Las acciones en Estados Unidos también han mostrado un repunte, recuperando parte de las pérdidas previas. Los inversores están reevaluando el impacto del aumento de los precios de la energía en los márgenes corporativos y las tasas de interés, lo que añade un nivel adicional de incertidumbre al mercado.

La fortaleza del dólar se ve impulsada por su estatus como refugio en tiempos de crisis, especialmente ante la posibilidad de interrupciones en las exportaciones de energía desde el Golfo Pérsico. Irán ha amenazado con cerrar el Estrecho de Ormuz, lo que podría afectar significativamente el suministro global de petróleo y, por ende, los precios.

En este escenario, Goldman Sachs ha advertido que los precios del petróleo podrían superar los máximos históricos si la situación se agrava. Mientras tanto, los rendimientos de los bonos han aumentado, reflejando una mayor aversión al riesgo entre los inversores, a pesar de que los datos económicos de EE. UU. sugieren un crecimiento más débil de lo esperado en el PIB.

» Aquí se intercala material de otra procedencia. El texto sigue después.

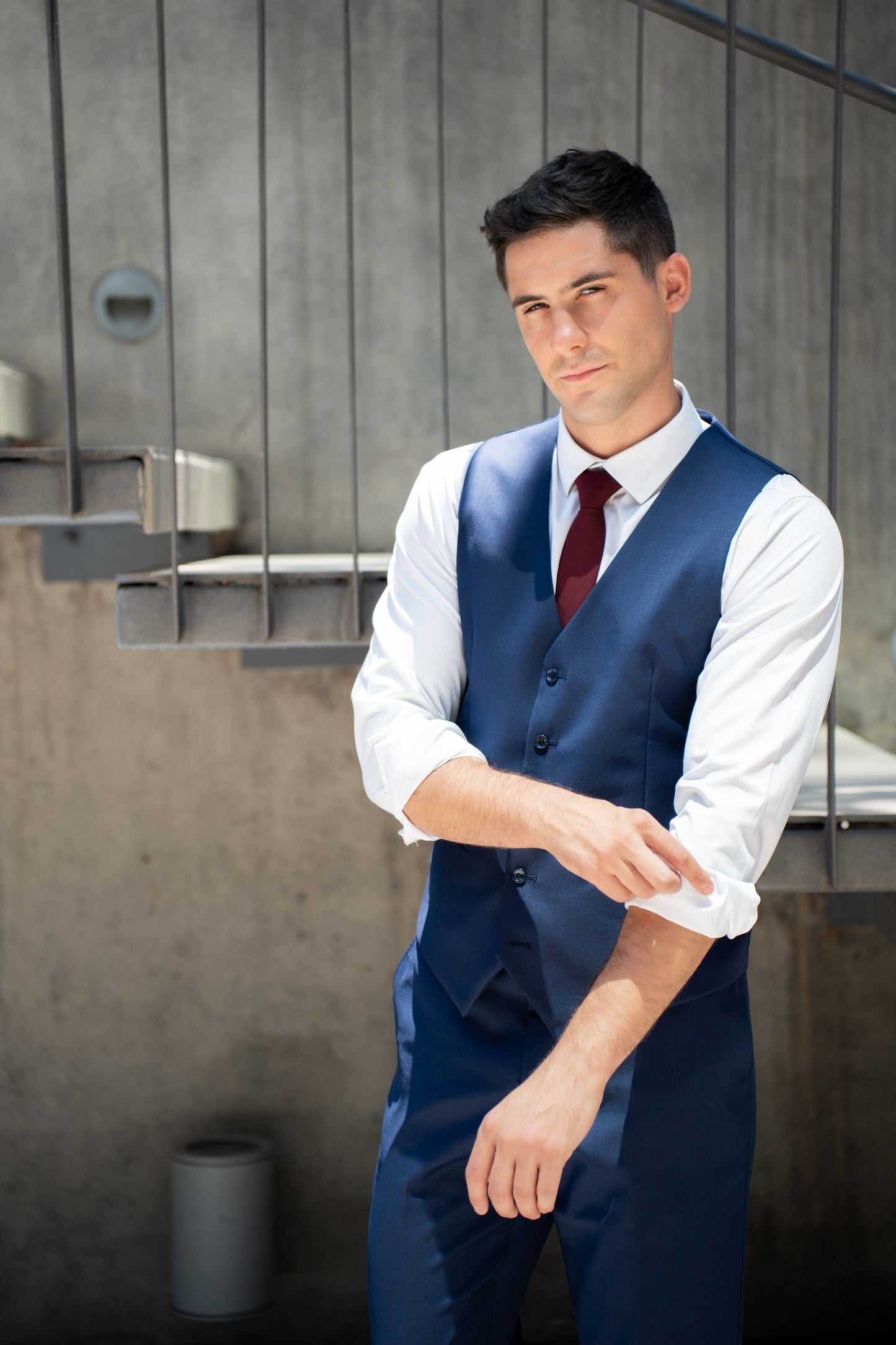 Gilet Azul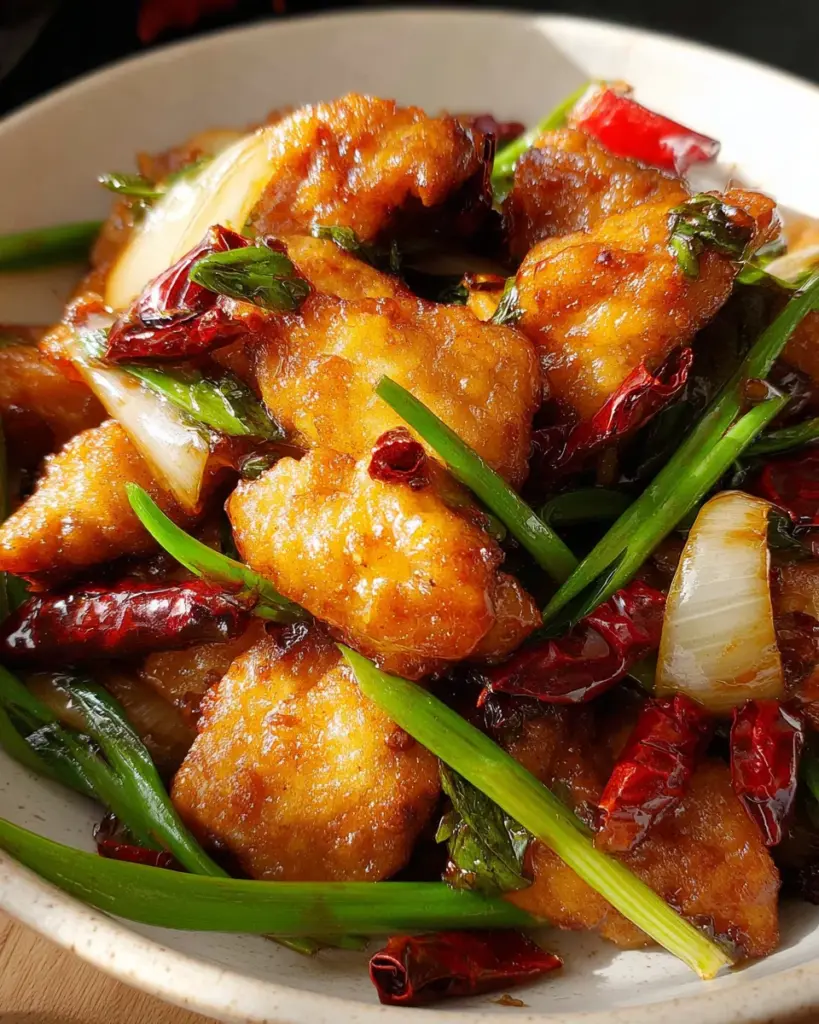 Mongolian Chicken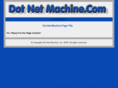 dotnetmachine.com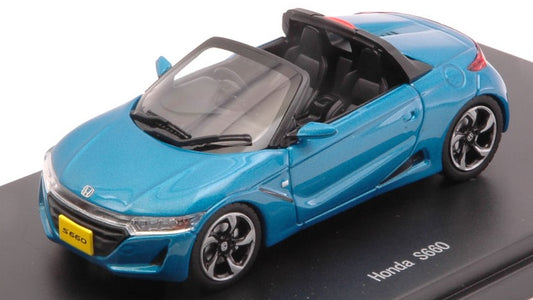 Ebbro - HONDA S660 2015 BLUE 1:43 - Cod. EB45360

La próxima reunión de la Reserva Federal será clave para los mercados, ya que los inversores esperan señales sobre la política monetaria futura, especialmente en un entorno donde la inflación parece estar moderándose. Este contexto es crucial para los inversores argentinos, que deben estar atentos a cómo estas dinámicas globales pueden influir en el mercado local.